New Belgium actually diverts 99.9 percent of its waste from
the landfills and has been capable of reducing their use of water per barrel of
beer to the ratio of 3.5:1. If that is not impressive, the score of B-Impact
Assessment of New Belgium is 142 out of almost 200 and 55 is the media score
for organizations. The tough standards needed to be a B-Corporation
demonstrates a great stability which is quite an appealing caliber to the
investors. For instance, Plum Organics is a unique B-Corporation. What makes it
unique among other B-Corporations is that just a little prior to their
reincorporation, the organization was bought by Campbell Soup Co. This
seemingly made Plum the first B-Corporation to be owned completely by a public
organization in the US. After this purchase, many shoppers were showing
hesitance and nervousness but their autonomy was effective managed by Plum. The
result was the empowerment of both organizations. The stock price of Campbell
continue to increase after the acquisition and Plum was capable of reaching
more families throughout the nation (Cooney, et al., 2014).

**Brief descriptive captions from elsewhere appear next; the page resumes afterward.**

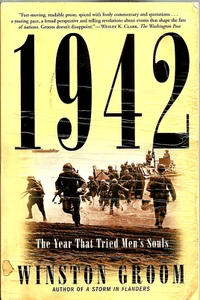 "1942: The Year That Tried Men's Souls" by Winston Groom (2005) Paperback - Imagen 1 de 3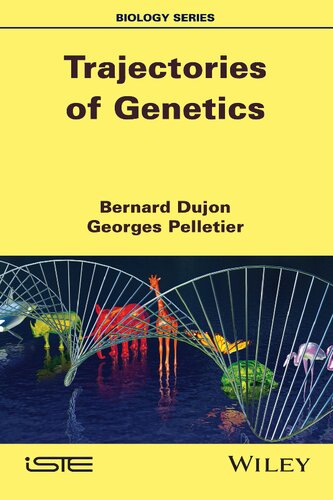 Trajectories of genetics
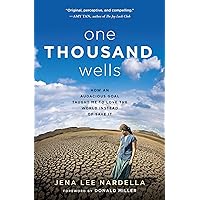 One Thousand Wells: How an Audacious Goal Taught Me to Love the World Instead of Save It One Thousand Wells: How an Audacious Goal Taught Me to Love the World Instead of Save It Kindle Hardcover Paperback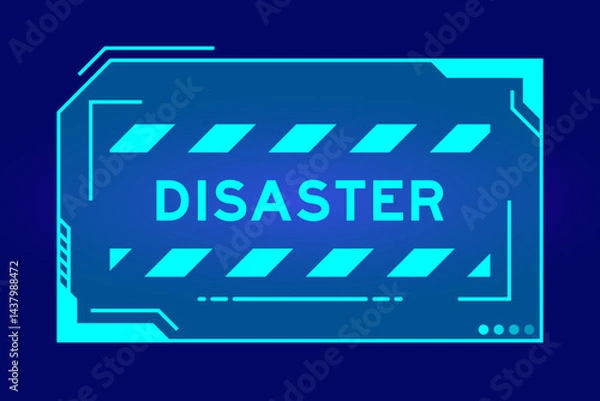 Fototapeta Blue color of futuristic hud banner that have word disaster on user interface screen on black background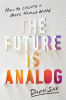 The future is analog : how to create a more human world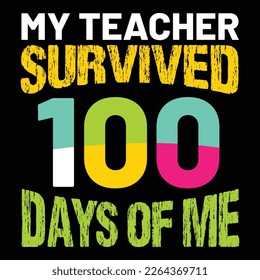 My Teacher Survived 100 Days Of Me, Happy back to school day shirt print template, typography design for kindergarten pre k preschool, last and first day of school, 100 days of school shirt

Another reason to be a B-Corporation is that when an
organization becomes a Benefit-Corporation, their capability of protecting
their mission seemingly locked form a legal point of view. The complete value
of fulfilling the legal requirements for a Benefit-Corporation is that it seems
to bake the sustainability into the structure of an organization as it
increases, plans succession, and brings the outside capital by making sure that
the mission of a company can survive the new management better. Furthermore, a
Benefit-Corporation provides legal protection to officers and directors for
considering the interests of not just shareholders but also stakeholders when
it comes to making decisions. It creates additional rights for all the
shareholders to hold officers and directors responsible for considering these
interests. Actually, it is these kinds of requirements which permit
organizations like Patagonia to continue doing what they have faith in so that the
public can be benefitted from their missions.

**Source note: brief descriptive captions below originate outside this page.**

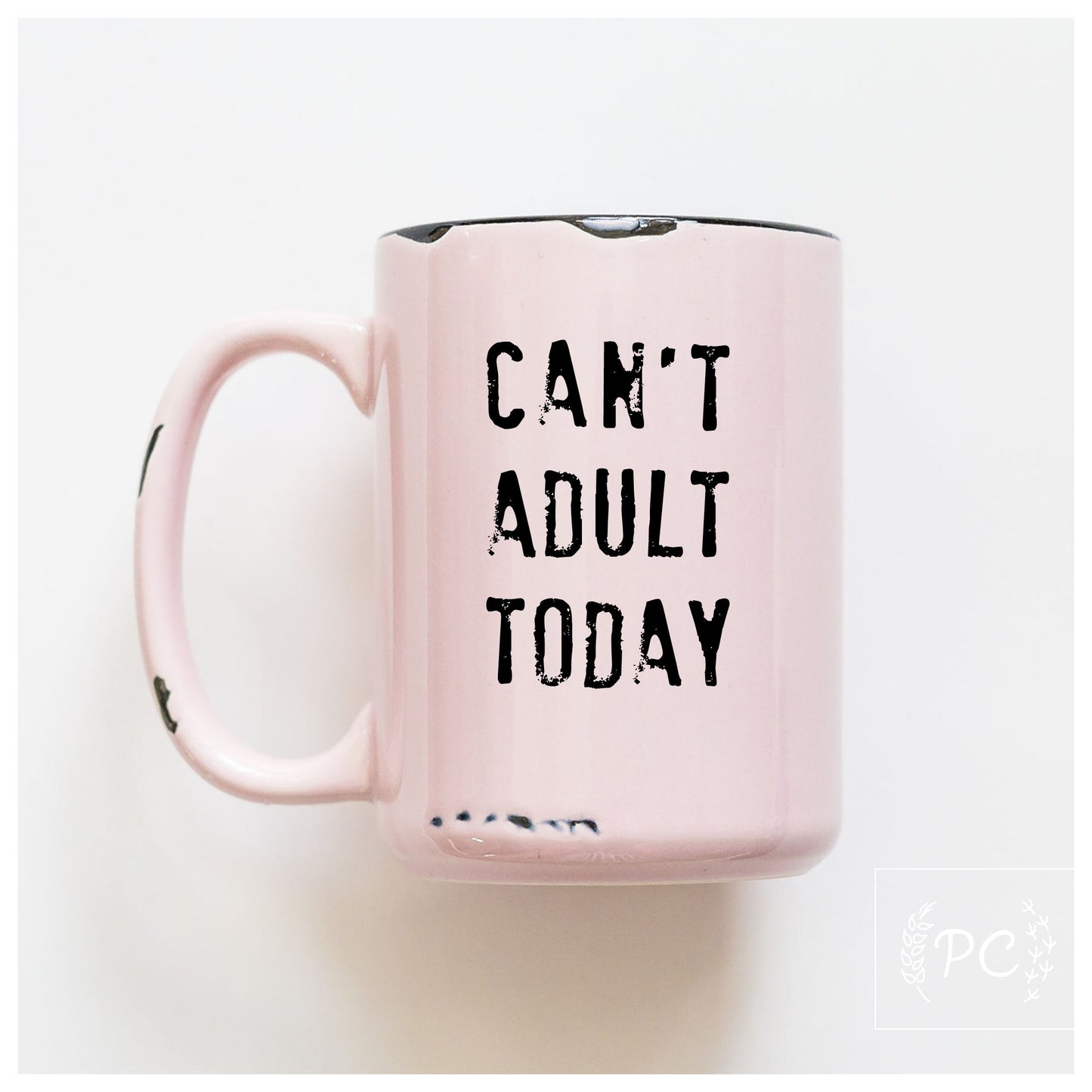can't adult today | ceramic mug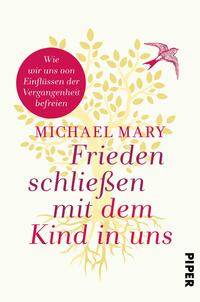 Vorderes Coverbild Frieden schließen mit dem Kind in uns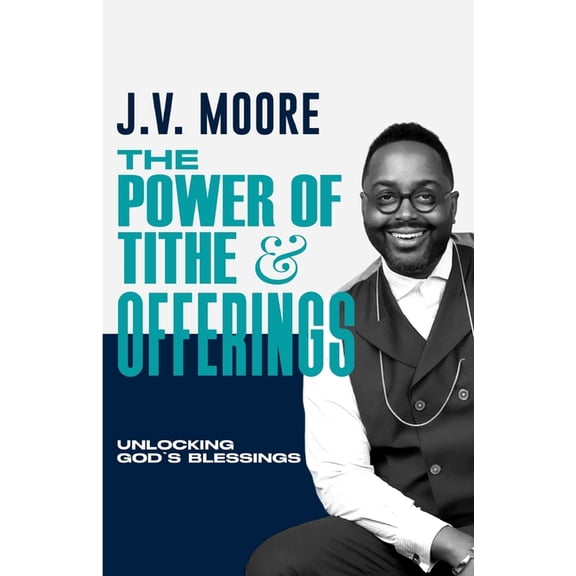 The Power of Tithe and Offerings: Unlocking God's Blessings, (Paperback)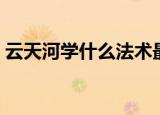 云天河学什么法术最好（云天河学什么仙术）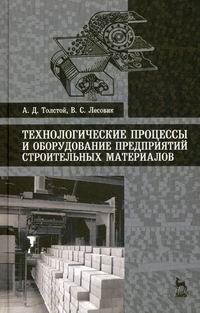 Лесовик В.С., Толстой А.Д. Технологические процессы и оборудование предприятий строительных материалов 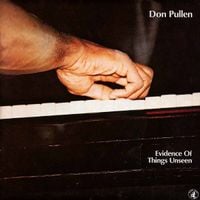 Don Pullen - Evidence of Things Unseen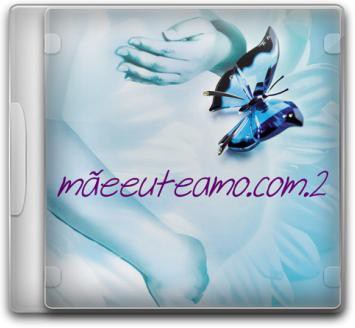 CD > Mãe >Mãeeuteamo.com 2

References of Law Business and Society
Cooney, K., Koushyar, J., Lee, M. & Murray, H.,
2014. Benefit corporation and L3C adoption: a survey. Stanford Social
Innovation Review .
Hiller, J. S., 2013.
The benefit corporation and corporate social responsibility. Journal of
Business Ethics , 118(2), pp. 287-301.
Kim, S., Karlesky, M.
J., Myers, C. G. & Schifeling, T., 2016. Why companies are becoming B
corporations. Harvard Business Review , Volume 17.
Sabeti, H., 2011. The
for-benefit enterprise. Harvard Business Review , 89(11), pp. 98-104.